何度も触れていますように、環境影響評価の手続きは、
配慮書…環境面から事業計画を検証
方法書…調査方針を掲載
準備書…調査・評価結果および環境保全措置の方針を報告
評価書…環境保全措置の確定
補正評価書…所轄大臣意見を受けて確定
事後調査計画書…モニタリング計画等

という書類(図書)を作成し、行政機関や公衆等からの審査がされることで進められます。このうち配慮書、方法書、準備書については公衆等からの意見提出と事業者による見解表明を行うことが法律で定められています。言い換えれば、準備書への意見提出を最後に、法律で定められた公衆等からの意見提出の機会はなくなります。
(環境省の説明ページ)

静岡県内版の準備書(2013年9月)では、静岡市内における地上での事業計画は次のようなものだと説明されていました。
イメージ 1
図1 準備書段階での地上工事の計画
環境影響準備書より複製 

そして公衆等はこの説明に基づいて意見提出を行い(2013年10月)、市や県の専門家会議もこの事業計画について意見を提出した(2014年3月)わけです。環境省による意見(2014年6月)も、国土交通大臣による審査・認可も、この事業計画に基づいています。
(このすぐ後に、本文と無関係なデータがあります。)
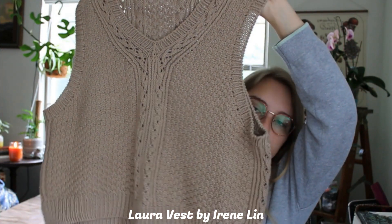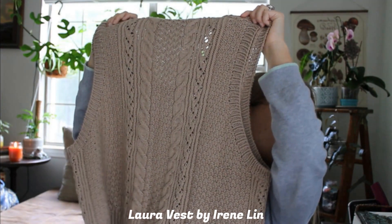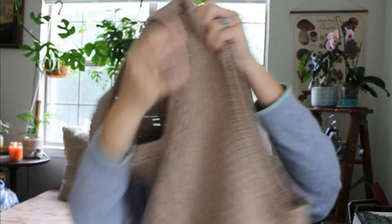My next finished object I'm really excited about. If you saw my last couple of videos, I talked a lot about Irene Lynn's Blair Vest, the orange one. I recently discovered her vest patterns and wanted to make another one, so I made the Laura Vest. I like the back better because it has an extra cable pattern — that cable detail just makes me really happy.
ところが前回述べました通り、今年2015年4月以降、JR東海は次々と事業計画を変更し始めました。今日(9/27)までに明らかになった変更点を記入すると図2のようになります。
イメージ 2
図2 評価書手続き終了後における静岡市内での地上工事計画の変更
非常口(斜坑)の位置が明らかにされたのは評価書の段階 
道路トンネル新案と導水路の位置は事業認可後に発表   

ハッキリ言って、準備書および評価書の段階とは、まるで異なっています。したがって以前の事業計画に基づいた環境保全措置が現在でも有効なのかどうか、全く分からなくなっています。

元の事業計画自体があいまいなうえ、評価書もメチャクチャであったことから、環境への負荷が増えたのか減ったのか、それも分かりません。

ところで、事業計画の変更と環境影響評価のやり直しについてみてみましょう。

環境影響評価法の規定により、補正評価書を確定するまでに事業計画を「法律で定められた以上の規模」で変更しようという場合は、準備書の作成から手続きをやり直すことと定められています(第28条および第21条、第25条)。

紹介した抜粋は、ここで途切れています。